While peace talks have been stalled for three years, the new government has created hope that they could resume.
"Canada's long-standing position on a negotiated, two-state solution has not changed," Joseph Lavoie said in an email.
"Our government always stands ready to work in a constructive way to help solve international disputes."
In a recent interview with Policy Options magazine, Baird discussed his government's Middle East policy.
"Canada's not going to be an honest broker between an international terrorist organization and a liberal democracy, when the great struggle of our generation is the struggle between liberal democracies and international terrorist organizations," he said.
The prime minister's office would not comment on Harper's meeting with Lauder.
Critics have said the Harper government's resolutely pro-Israel stance has seen Canada lose credibility on the world stage.
But Lauder, also a former U.S. ambassador, said that as he travels the world, he hears only good things about Canadian foreign policy.
"Today it is a very dangerous world out there, there are very few true leaders out there," Lauder said.
"(Harper) has been a true leader. He spoke his mind."
This week, Harper heads to the G8 meetings at Camp David.
At last year's meeting, he thwarted efforts to have the final communique include the demand that negotiations between Israel and the Palestinians take as the starting point the 1967 borders.
His office later denied reports that he'd spoken with Israeli leadership in advance of the meetings in order to discuss the resolution.
After the Camp David talks, Harper is off to the NATO summit in Chicago.
Israel was not invited to the summit, though other partner nations of the alliance were.
Some reports have suggested Turkey blocked Israel's invitation, but the U.S. State Department said that wasn't true.
Lauder, who also once served as the U.S. Deputy Assistant Secretary of Defence for European & NATO Affairs, said Israel shouldn't be at NATO because it's not a member.
He said NATO is in a difficult position these days, given the global economy and situations in Libya, Syria and Iran.
With all the turmoil, the Israel-Palestinian issue doesn't attract as much attention anymore, he said.
"It is good in a sense that it allows the two parties to work together quietly," he said.

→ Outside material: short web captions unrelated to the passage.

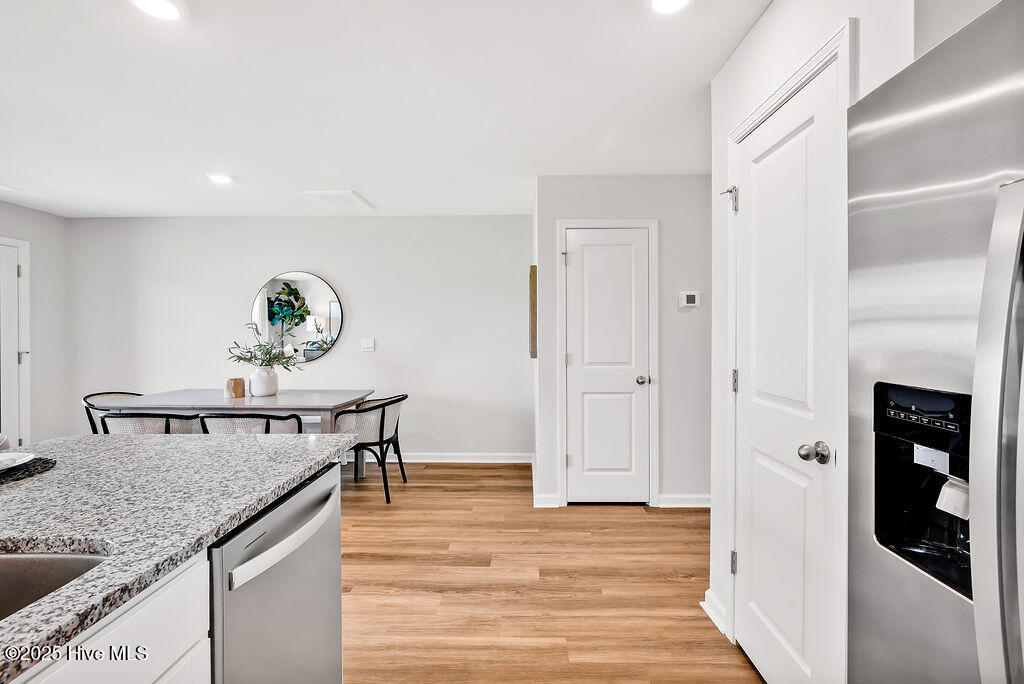 100568350 | Photo 11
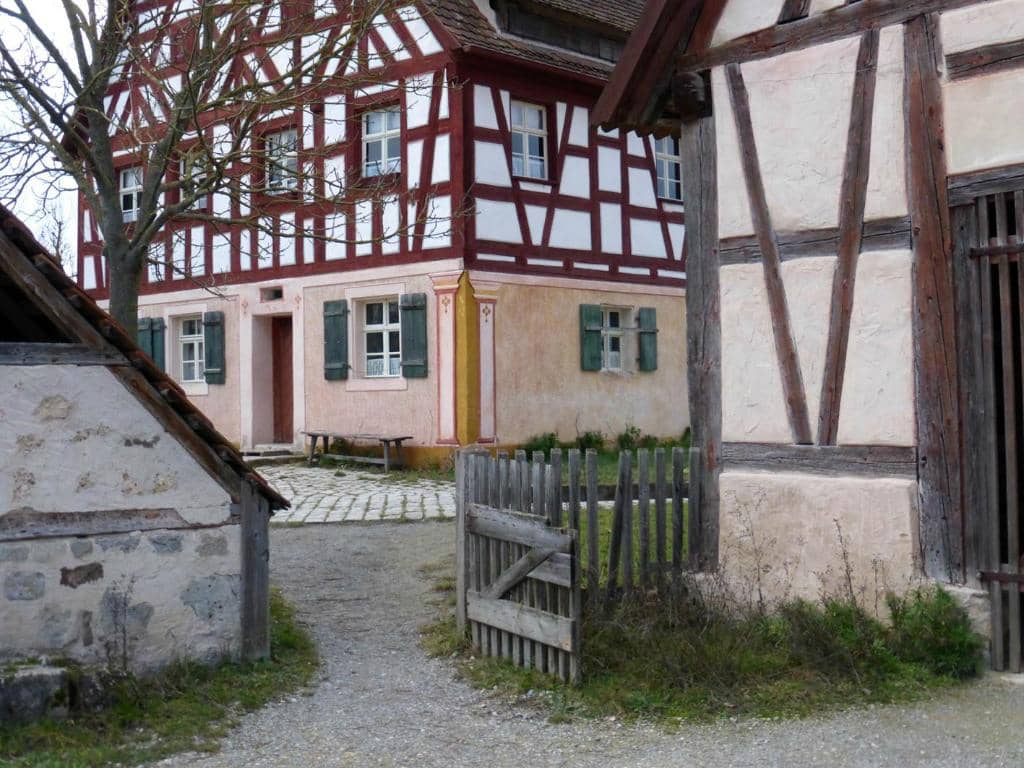 1600s Restaurant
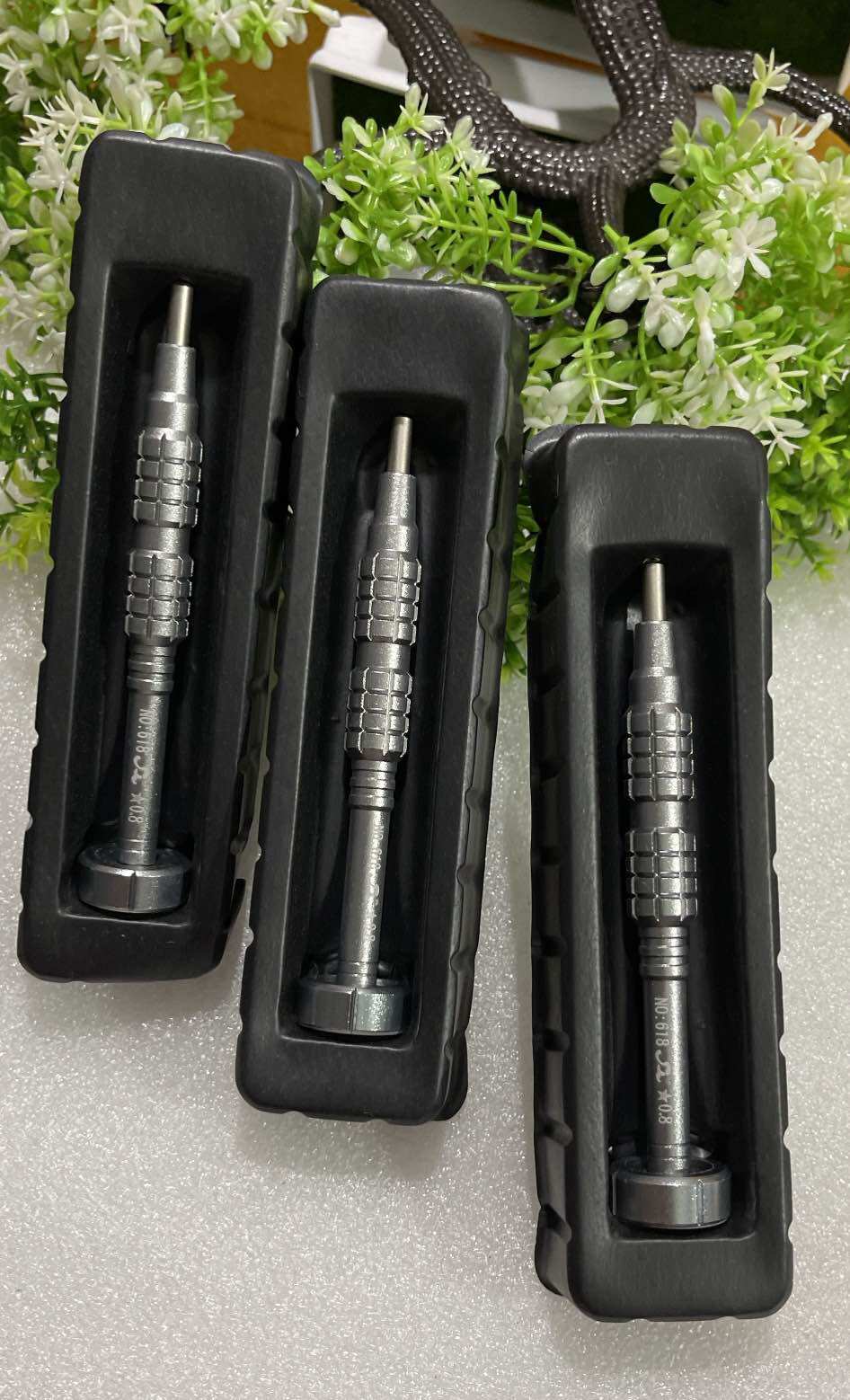 Tua vít SW-618 / 0.8 vít sao xịn xò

"It's bad because the issues are so gigantic, a peace treaty would almost be meaningless at times."
Lauder, the son of cosmetic company founders Estee and Joseph Lauder, has been the president of the World Jewish Congress since 2007.
The group represents Jewish communities in over 100 countries and he said they are now working to beef up their presence in Canada in part to combat anti-Semitism.
Statistics Canada reported last month that hate crimes against the Jewish faith were the most common type of religiously motivated hate crime reported in 2010, though the numbers of such crimes are declining.
Lauder said anti-Semitism continues to be a global problem, but said in Canada it has nothing to do with the country's pro-Israel stance.
"It has a lot to do with what's happening in the world," Lauder said, noting tough economic times often result in people searching for scapegoats.